Another woman runs through the rooms, opening all the dresser drawers, searching.

“What are you looking for?” the nurse asks.

“I am looking for something,” she says in tears. “That’s what I’m looking for.”

“Describe it to me,” she says, laying her hand on the woman’s arm.

“I don’t know exactly what it is. I’m looking for something that I recognize. I think maybe I’m in the wrong place. If I could find something familiar I would know where I belong.”

She brings them pictures of themselves.

“Is this who I am?” they say.

She nods.

“Sexy, aren’t I?”

The sea. She drives to the ocean and parks. She takes a picture. She finds the fact that she is not the only one moving calming.

She is a navigator, a mover, a shifter. She has flown as a gull over the ocean, she has dived deep as a whale, she has spent an afternoon as a jellyfish floating, as an evergreen with the breeze tickling her skin, she has spent two days as water and found it difficult to recover.
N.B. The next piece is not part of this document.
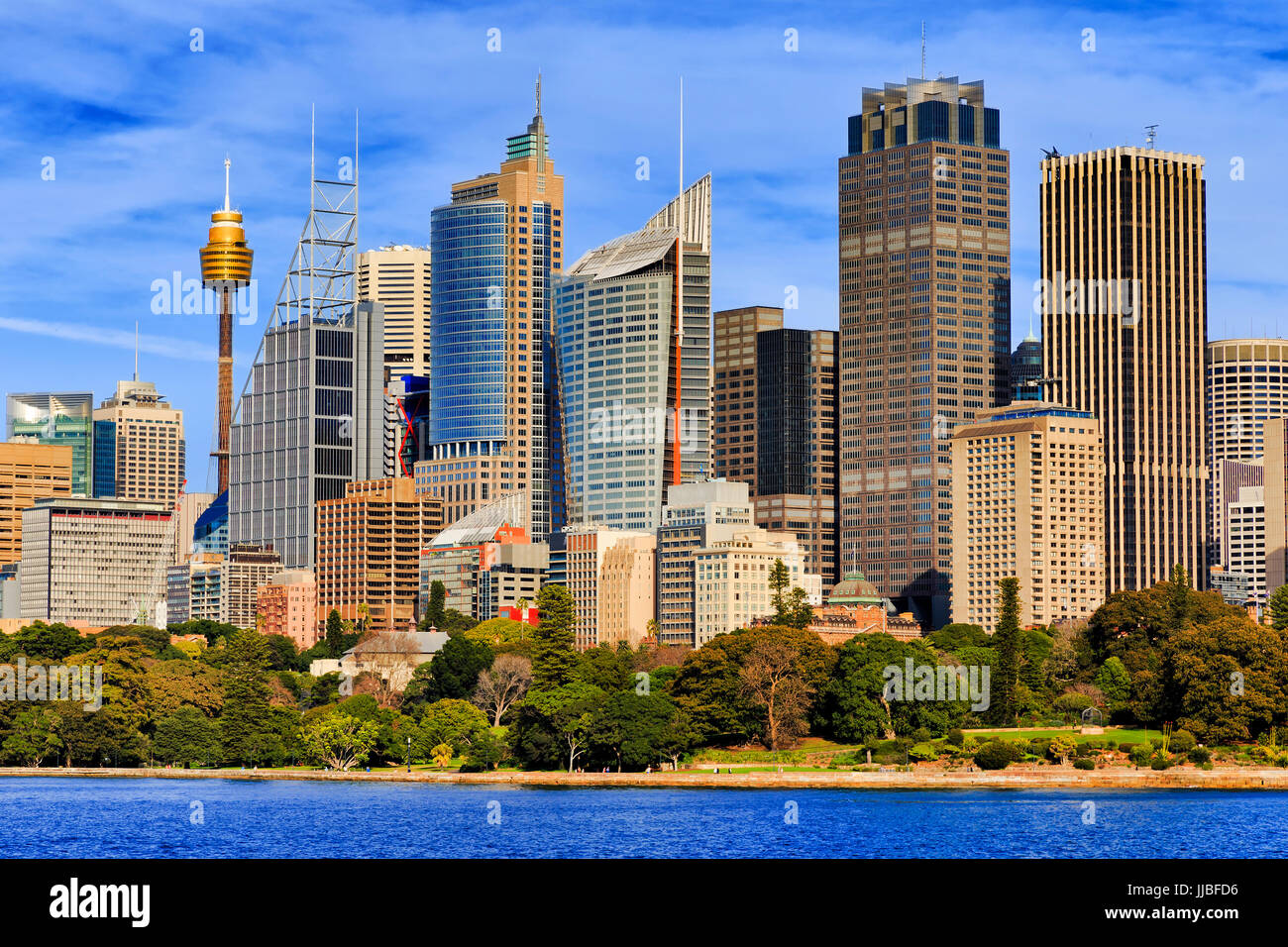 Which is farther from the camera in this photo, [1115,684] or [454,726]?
[454,726]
A seer, she is in constant motion, trying to figure out what comes next.

It is early evening. The sky is charcoal, powdery black. She is a coyote at the edge of the grass: her spine elongated, her nose pushing forward, and her skull rolling back. There is something slippery about the coyote — a million years of motion, of shifting to accommodate, keeping a fluid boundary — she is coated in a viscous watery solution.

She digs through the bushes. There is a girl in the backyard, floating alone on a raft in the water. She walks to the pool, dips her tongue into the water, and sips.
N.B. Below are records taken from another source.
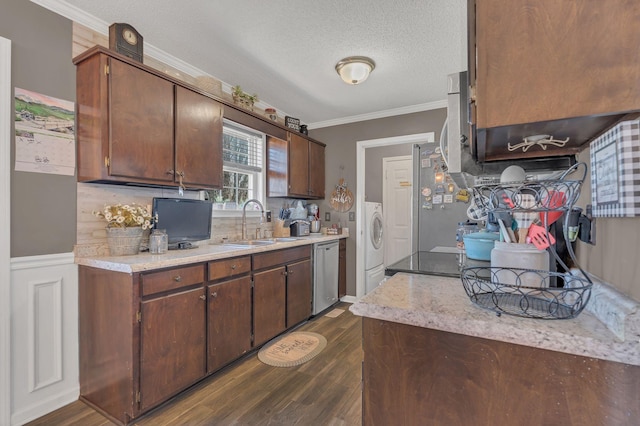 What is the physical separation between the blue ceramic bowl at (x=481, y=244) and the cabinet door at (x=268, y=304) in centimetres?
172

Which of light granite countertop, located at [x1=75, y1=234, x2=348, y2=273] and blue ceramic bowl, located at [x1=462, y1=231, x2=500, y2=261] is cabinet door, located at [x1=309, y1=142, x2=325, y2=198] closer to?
light granite countertop, located at [x1=75, y1=234, x2=348, y2=273]

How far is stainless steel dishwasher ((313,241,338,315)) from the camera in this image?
3.46 m

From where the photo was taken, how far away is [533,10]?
72 centimetres

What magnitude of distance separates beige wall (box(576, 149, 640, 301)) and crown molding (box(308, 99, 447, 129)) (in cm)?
298

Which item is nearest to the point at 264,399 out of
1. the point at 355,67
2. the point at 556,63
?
the point at 556,63

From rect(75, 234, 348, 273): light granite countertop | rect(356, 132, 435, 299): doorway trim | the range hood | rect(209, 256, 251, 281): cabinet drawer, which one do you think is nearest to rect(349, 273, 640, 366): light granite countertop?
the range hood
She hears the girl’s mother and father in the house. Shouting.

“What am I to you?” her mother says.

“It’s the same thing, always the same thing, blah, blah, blah,” her father says.

“Your life is a movie,” the coyote tells the girl. “It’s not entirely real.”
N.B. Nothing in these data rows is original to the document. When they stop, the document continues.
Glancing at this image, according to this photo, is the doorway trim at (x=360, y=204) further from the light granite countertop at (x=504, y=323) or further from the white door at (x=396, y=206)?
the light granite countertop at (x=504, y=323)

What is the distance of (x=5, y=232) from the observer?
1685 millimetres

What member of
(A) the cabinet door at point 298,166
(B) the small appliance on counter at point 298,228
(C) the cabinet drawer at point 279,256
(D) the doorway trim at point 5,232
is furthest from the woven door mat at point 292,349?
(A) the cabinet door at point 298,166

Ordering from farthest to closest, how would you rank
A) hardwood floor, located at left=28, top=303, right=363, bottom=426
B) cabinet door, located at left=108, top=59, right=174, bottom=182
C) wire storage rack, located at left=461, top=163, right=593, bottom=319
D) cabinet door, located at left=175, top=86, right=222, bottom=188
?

“Tell me about it,” the girl says.

The coyote starts to change again, to shift. Her skin goes dark, it goes tan, deep like honey and then crisper brown, as if it is burning, and then darker still, toward black. Downy feathers start to appear, and then longer feathers, like quills. Her feet turn orange, fold in, and web. A duck, a big black duck, like a dog, but a duck. The duck jumps into the pool and paddles toward the girl.

They float in silence.

Suddenly, the duck lifts her head as if alerted. She pumps her wings. Her body is changing again, she is trading her feathers for fur, a black mask appears around her eyes, her bill becomes a snout. She is standing on the flagstone by the pool, a raccoon with orange webbed feet. She waddles off into the night.

There is a tremor. The lights in the house flicker, the alarm goes off. In the pool the water shifts, a small tidal wave sweeps from one end to the other, splashing up onto the concrete.

She hurries back to the car, shifting back into herself. She rushes toward home. There is a report of the tremor on the radio news, “A little rock-and-roll action this afternoon for you folks out there,” the disc jockey says. “The freeways are stop and go, while crews are checking for damage.” She takes surface roads, afraid of the highways, the overpasses, the spaghetti after a quake.

She pulls into the driveway, the house is still standing, nothing seems terribly wrong.

Every day she carries a raw egg in her pocket, to collect the negative flow of energy — it acts like a sponge, absorbing it, pulling it away from her. At the end of the day she smashes it back to earth, the front yard is littered with white eggshells.

Her key doesn’t work, the small rumble must have caused a shifting of the tumblers, a loosening of the lock, the key goes in but won’t turn. She is knocking, she is ringing the bell, going back to the car and tooting the horn.